As Wired reports, 23andMe CEO Anne Wojcicki was chipper on a February 7 earnings call despite the company's abysmal revenue report that led to its stock being devalued to below 75 cents per share, down a whopping 93 percent from the $16.04 when it first went public.
"We are an unusual company," Wojcicki said, per Wired, during the investor call.
That response very much undersells the circumstances that may lead to 23andMe spinning off its consumer DNA testing and therapeutics wings into separate entities, like so many unraveled strands of double helixes.

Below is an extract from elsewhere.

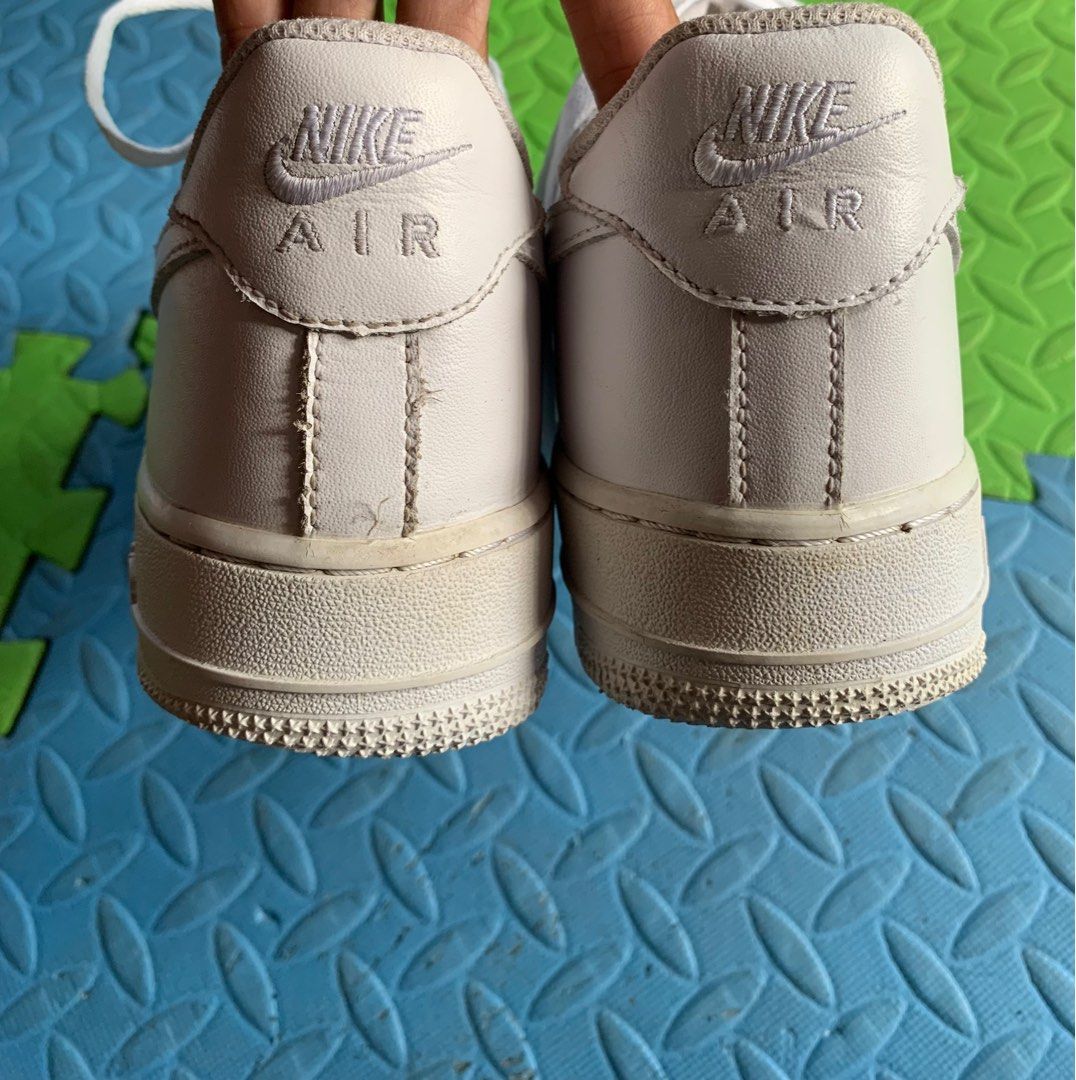 harga af1 triple white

That fateful earnings parley occurred just after the third anniversary of 23andMe announcing that it would be going public in 2021 and merging with a specialized holding company owned by none other than billionaire Richard Branson. The company was valued at a whopping $3.5 billion as a result, and later that same year, it purchased the Lemonaid telehealth service — but didn't unveil its tony rebranded version, a $99-per-month service now called Total Health, until this past November.
"It’s an evolution for the company in terms of just providing access to your genome," Wojcicki told Wired, "to now putting the wrapper around it and saying, 'We actually want to take care of you. We want to be your partner in prevention.'"
That's all fine and good, but it doesn't negate the fact that in only three years, 23andMe has burned through more than half its fundraised cash, gone through multiple layoff rounds, and could, as the Wall Street Journal reported last week, run out of money by next year.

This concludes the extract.